As an INFJ myself, this sort of thing has happened to me many times. I distinctly remember one day at school when my classmates were being especially disrespectful to our teacher; they were thriving off each other’s meanness. Being the INFJ that I am, I got so frustrated and angry at them (mostly in my head, of course). Why couldn’t we all just get along? Our classroom would be so much better if we respected one another. But I was powerless to make a real change in that moment: I ended up feeling numb and angry at the same time, and after class, I had to take a break to cry alone.

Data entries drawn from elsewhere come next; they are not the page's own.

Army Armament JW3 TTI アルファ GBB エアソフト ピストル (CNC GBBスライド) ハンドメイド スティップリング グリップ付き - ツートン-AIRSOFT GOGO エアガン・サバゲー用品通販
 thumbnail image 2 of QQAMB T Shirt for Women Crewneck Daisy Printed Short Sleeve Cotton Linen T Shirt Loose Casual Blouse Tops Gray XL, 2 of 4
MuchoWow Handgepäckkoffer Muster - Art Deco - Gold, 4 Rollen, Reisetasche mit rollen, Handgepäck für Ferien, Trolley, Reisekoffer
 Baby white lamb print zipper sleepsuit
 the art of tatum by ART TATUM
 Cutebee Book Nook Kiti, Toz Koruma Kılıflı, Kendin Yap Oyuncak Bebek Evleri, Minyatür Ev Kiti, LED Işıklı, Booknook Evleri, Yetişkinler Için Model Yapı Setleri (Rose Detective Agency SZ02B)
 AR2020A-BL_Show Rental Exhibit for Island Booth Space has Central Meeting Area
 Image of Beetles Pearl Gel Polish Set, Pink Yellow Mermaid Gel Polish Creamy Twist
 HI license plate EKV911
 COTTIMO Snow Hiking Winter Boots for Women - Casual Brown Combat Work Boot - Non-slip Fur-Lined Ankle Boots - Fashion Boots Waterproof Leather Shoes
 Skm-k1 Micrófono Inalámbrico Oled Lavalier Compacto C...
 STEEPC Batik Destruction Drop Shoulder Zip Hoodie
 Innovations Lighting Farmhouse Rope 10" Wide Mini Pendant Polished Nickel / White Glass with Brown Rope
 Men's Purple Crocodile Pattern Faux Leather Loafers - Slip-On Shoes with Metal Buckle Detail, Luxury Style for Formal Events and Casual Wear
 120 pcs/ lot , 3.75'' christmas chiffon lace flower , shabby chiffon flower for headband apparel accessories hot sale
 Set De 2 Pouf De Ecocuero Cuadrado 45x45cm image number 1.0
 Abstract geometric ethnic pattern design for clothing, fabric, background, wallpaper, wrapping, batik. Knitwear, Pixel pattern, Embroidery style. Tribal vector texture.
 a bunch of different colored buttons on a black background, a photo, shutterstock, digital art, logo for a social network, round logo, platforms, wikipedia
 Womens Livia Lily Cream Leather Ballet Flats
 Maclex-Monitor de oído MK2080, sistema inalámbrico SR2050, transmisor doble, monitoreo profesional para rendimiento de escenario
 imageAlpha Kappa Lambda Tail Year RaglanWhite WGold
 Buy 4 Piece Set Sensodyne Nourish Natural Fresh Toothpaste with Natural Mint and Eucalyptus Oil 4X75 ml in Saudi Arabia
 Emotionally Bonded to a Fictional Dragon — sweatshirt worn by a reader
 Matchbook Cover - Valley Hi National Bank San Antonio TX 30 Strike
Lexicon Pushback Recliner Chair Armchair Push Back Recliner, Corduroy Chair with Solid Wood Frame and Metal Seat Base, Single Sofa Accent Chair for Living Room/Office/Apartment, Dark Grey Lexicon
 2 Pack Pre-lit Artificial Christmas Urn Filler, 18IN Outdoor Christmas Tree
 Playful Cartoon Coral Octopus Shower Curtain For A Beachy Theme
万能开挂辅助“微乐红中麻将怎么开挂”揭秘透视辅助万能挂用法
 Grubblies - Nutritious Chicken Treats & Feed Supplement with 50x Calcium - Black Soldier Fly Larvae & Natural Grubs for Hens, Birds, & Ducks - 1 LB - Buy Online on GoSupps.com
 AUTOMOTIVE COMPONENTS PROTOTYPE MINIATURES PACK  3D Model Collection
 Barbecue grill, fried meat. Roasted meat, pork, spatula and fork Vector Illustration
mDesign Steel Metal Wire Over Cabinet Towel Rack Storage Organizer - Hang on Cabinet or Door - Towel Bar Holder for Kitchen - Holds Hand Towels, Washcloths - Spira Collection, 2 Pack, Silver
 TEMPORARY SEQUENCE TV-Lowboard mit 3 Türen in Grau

Although it might not be apparent from the outside, most INFJs feel things profoundly. This may be due to the fact that many of us are highly sensitive people (HSPs) and/or empaths. The extent to which we feel things is amplified in situations in which our hope is snatched from us and things don’t happen like they “should.” The disappointment may cut so deep inside you that you will try to protect yourself from feeling it again. I know I have. After realizing that someone I had idealized for a long time wasn’t in fact who I thought they were, I cut myself off from even the possibility of ever feeling that way again.
But in doing so, I also built a wall between me and the good in people. In short, I built a wall separating me from personal growth, from feeling things, from life.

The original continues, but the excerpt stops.